Muhteşem yüzyılda kahve
Kanuni Sultan Süleyman; sarayda, kahve hazırlamak ve sunmak ile kahve takımı eşyalarından sorumlu kahvecibaşılık görevini ilk tahsis eden padişahtır ve kahve ikramının zamanı ve merasiminin nasıl yapılacağını kaydettirmiştir. Sultan II. Abdülhamid döneminde de devam eden kahvecibaşılık görevi sadece padişah için değildi. Valide sultanın, yetişmiş olan şehzadelerin, Darüssaade ağasının, sadrazamların da özel kahvecibaşıları vardı. Padişah sefere gideceği zaman, hususi bir hayvan kahve takımlarını taşırdı.

Kahve kutularının sırrı
Kahve kutuları salt kahveyi muhafaza eden eşyalar olmayıp güzelliği ile kahvenin alameti farikası olurken, konaklar ve evler için ekonomik ve toplumsal konumlarını dışa vuran itibar malzemeleri haline gelmiştir.
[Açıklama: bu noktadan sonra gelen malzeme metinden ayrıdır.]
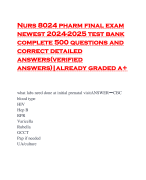 Nurs 8024 pharm final exam newest 2024-2025 test bank complete 500 questions and correct detailed answers(verified answers)|already graded a+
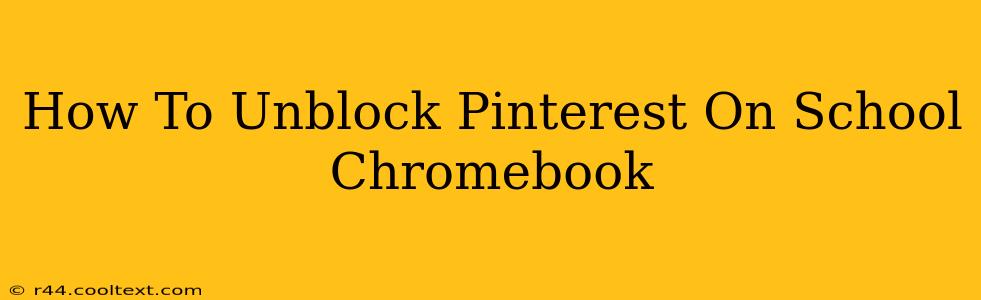 How To Unblock Pinterest On School Chromebook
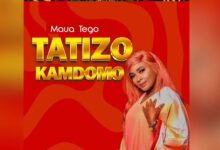 Maua Tego – Tatizo Kamdomo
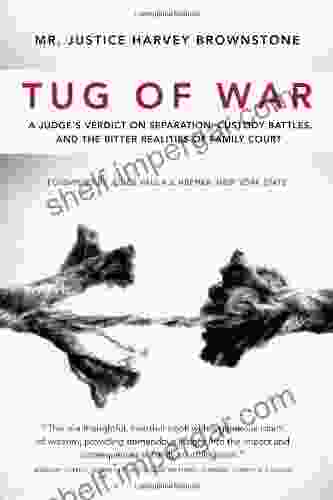 Tug Of War: A Judge S Verdict On Separation Custody Battles And The Bitter Realities Of Family Court: A Judge S Verdict On Separation Custody Battles And The Bitter Realities Of Family Court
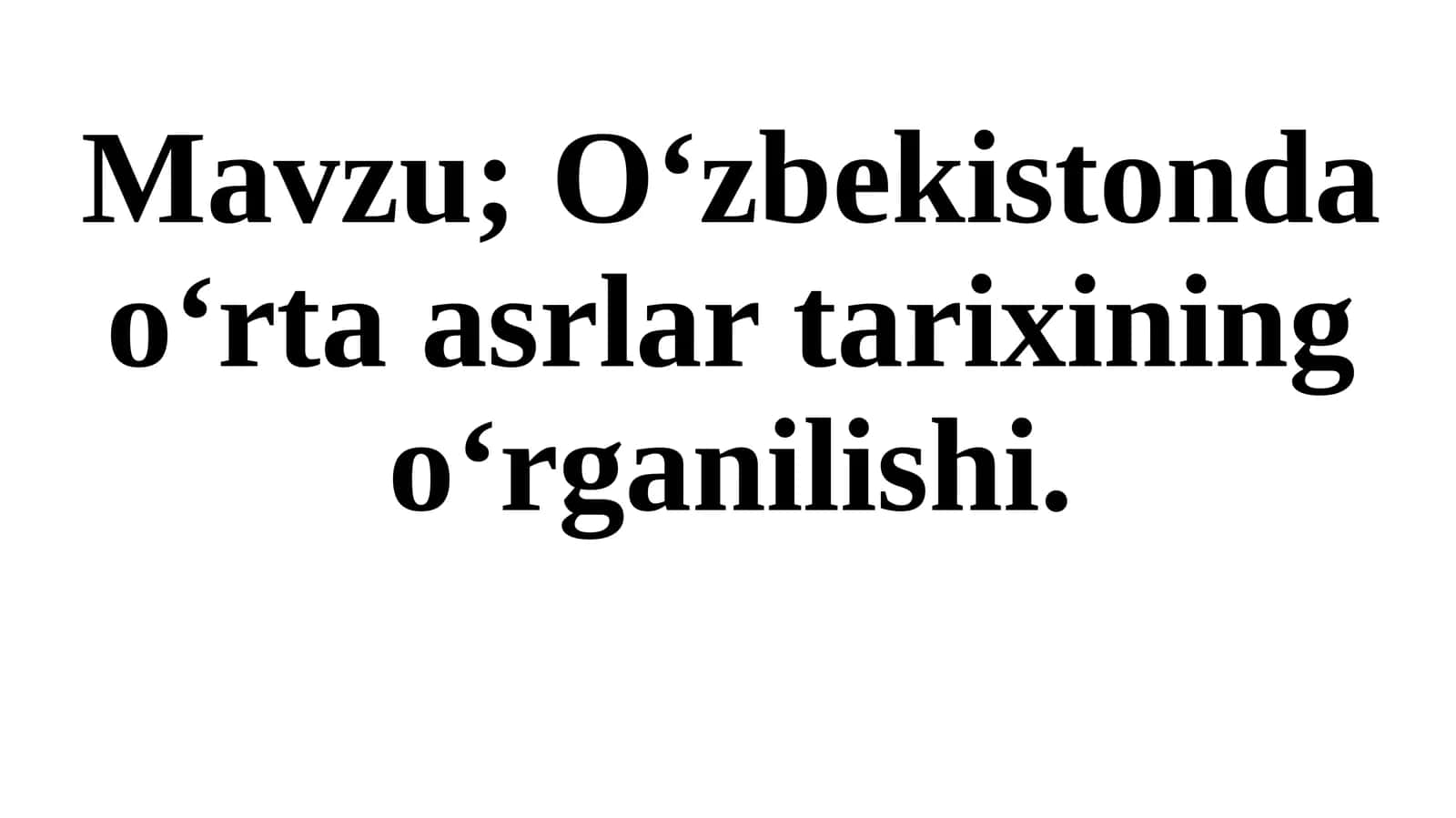 O‘zbekistonda o‘rta asrlar tarixining o‘rganilishi 1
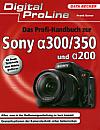 Vorderseite von "Das Profi-Handbuch zur Sony Alpha 300/350 und Alpha 200" [Foto: Foto: MediaNord]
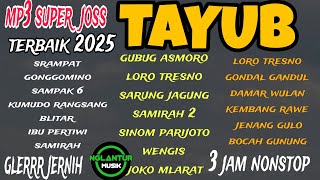 Download lagu TAYUB MP3 3 JAM NONSTOP MANTUL SUPER JOSSS TEMAN ISTIRAHAT mp3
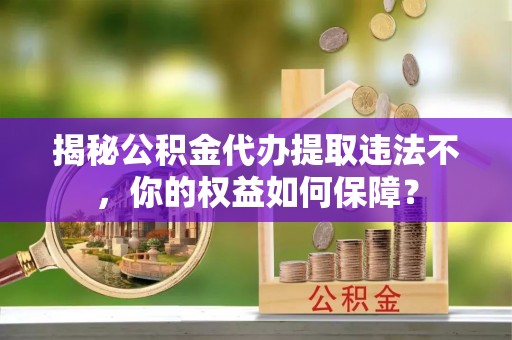 西沙揭秘公积金代办提取违法不，你的权益如何保障？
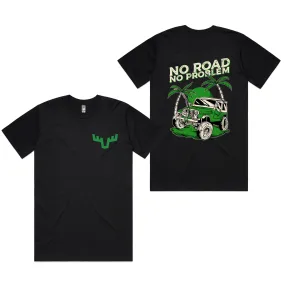 No Road No Problem Tee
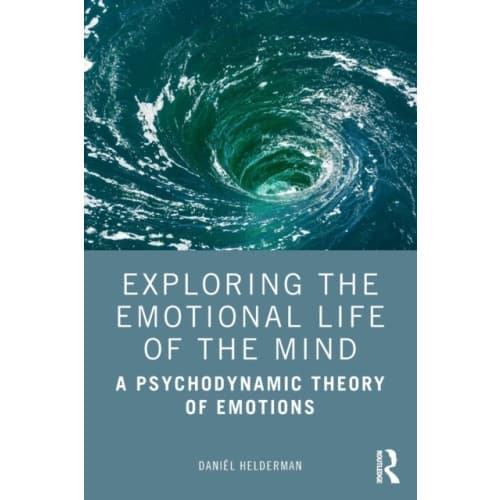 Exploring the Emotional Life of the Mind (häftad, eng)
Sedirin altında bulunan; değirmen, kahve kutusu, cezve ve fincanlardan oluşan kahve takımının içine konulduğu, üstü örtülü seleyi misafirlerinin gözü önünde çıkaran bir ev hanımı için, diğer kahve malzemelerinin yanı sıra, değerli ve güzel bir kahve kutusu, şüphesiz toplumsal konumunu belirtir bir nesne olarak görülürdü.